Ségolène Royal devant ses partisans le 28 juin à la maison de la Chimie © DR"Ne vous y trompez pas, c'est le premier vrai grand meeting contre Sarkozy depuis un an", affirme l'un de ses proches à une Maison de la Chimie pleine à craquer samedi matin. Un millier de personnes a répondu présent pour la présentation de la contribution de l'ex-candidate en vue du congrès. L'atmosphère est survoltée, comme au temps de la présidentielle. Toutes les interventions sont entrecoupées de bruyants "Ségolène ! Ségolène !". Et la matinée se terminera par des "on va gagner !" de militants royalistes très remontés. Ségolène Royal les a exhorté à "avancer droit devant en ne regardant que les dégâts de la droite pour les combattre". L'ancienne candidate à la présidentielle, dont la contribution s'intitule "Combattre et proposer", a fait un discours offensif lors de cette réunion de
trois heures.
Dirigeant ses plus féroces critiques contre Nicolas Sarkozy, qui avait promis la rupture" alors que "la France connaît aujourd'hui une grave déchirure", elle a fustigé l'"étrange mélange entre Berlusconi et Doc Gyneco avec des montres à 50.000 euros ! Non ce n'est pas la France !". L'ancienne candidate a évoqué "l'insupportable perspective" de la privatisation d'Areva et EDF. "Non, Nicolas Sarkozy, vous n'avez pas le droit de privatiser pour vos amis financiers, ceux que vous avez besoin de remercier pour leur connivence pendant la campagne présidentielle!", a-t-elle lancé. "Vous n'avez pas le droit de donner à vos amis Bouygues, Bolloré, Lagardère, vous n'avez pas le droit de donner non seulement les médias mais vous n'avez pas le droit de donner le patrimoine énergétique des Français", a-t-elle martelé, vêtue d'un ensemble blanc et noir. Elle a aussi fustigé à plusieurs reprises le "système prédateur de Nicolas Sarkozy", opposant la "France des Falcon" (avion fabriqué par Dassault, ndlr) à celle des salariés "au pouvoir d'achat confisqué".
"J'ai beaucoup donné mais j'ai beaucoup reçu"
La candidate à la succession de François Hollande s'est voulue consensuelle à l'intérieur du parti : "Vous n'entendrez de ma bouche aucune chose désagréable, polémique, aucune petite phrase. Je vois les choses, je les entends, je les subis". "J'ai beaucoup donné mais j'ai beaucoup reçu", a-t-elle ajouté. Elle a engagé ses militants à ne pas s'attacher "à ce que font les autres au sein du PS. Je les appelle à nous rejoindre et à se rassembler. Ils seront les bienvenus le moment venu."
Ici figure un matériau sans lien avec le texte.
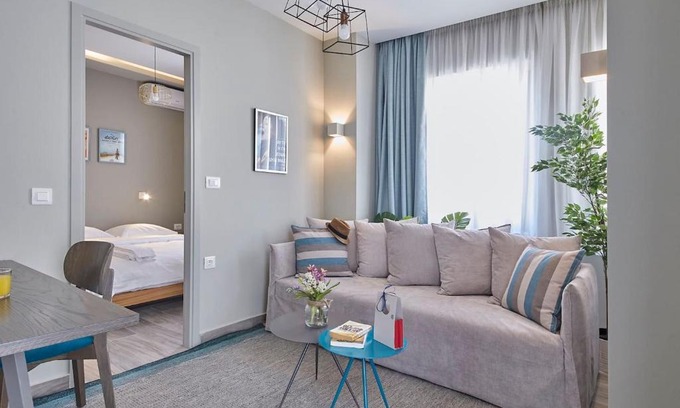 Monastiraki Apartment | Spacious Suite w. huge balcony + Acropolis view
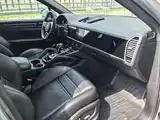 Photo 10 - Porsche Cayenne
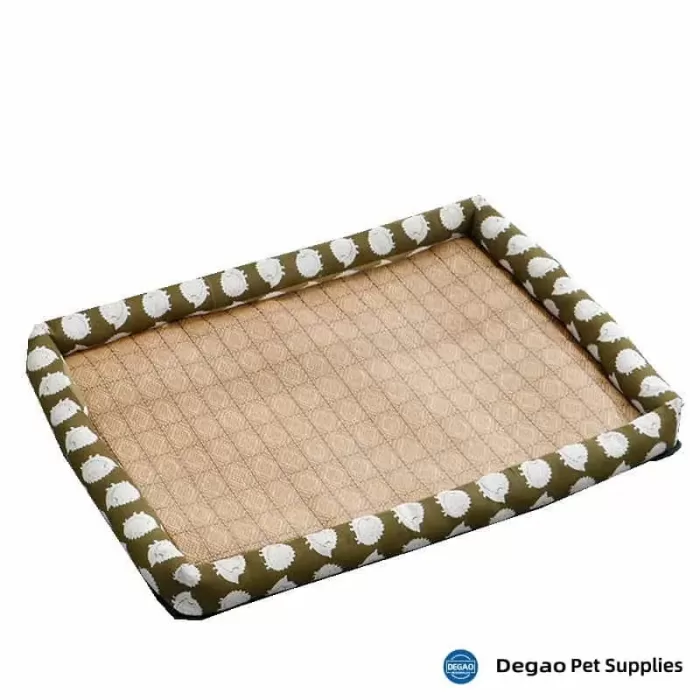 Item No.: DGM2263A4 Item Name: Green Hedgehog Pet Mat Material: Rattan, Linen, Oxford, PP Cotton Item Size: Medium ---540mm*440mm Remark: 1) Small : 430*320mm   4 pounds     Medium: 540*440mm   10 pounds     Large: 660*510mm   20 pounds     X-Large: 830*610   40 pounds 2) Customization accept.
L'ex-candidate a décliné les besoins de "révolutions" et les sept "piliers", "volontés" de sa contribution "dense et simple", en vue du congrès de Reims de novembre, notamment une "révolution fiscale", avec prélèvement à la source et fusion de l'impôt sur le revenu et de la CSG, suppression des niches fiscales, redéploiement du paquet fiscal (voté à l'été 2007 par le Parlement, ndlr). Elle s'est aussi prononcée en faveur d'un mandat unique pour les parlementaires et a appelé à "repenser sans tabou" la sécurité sociale et à "bâtir un système de retraites transparent".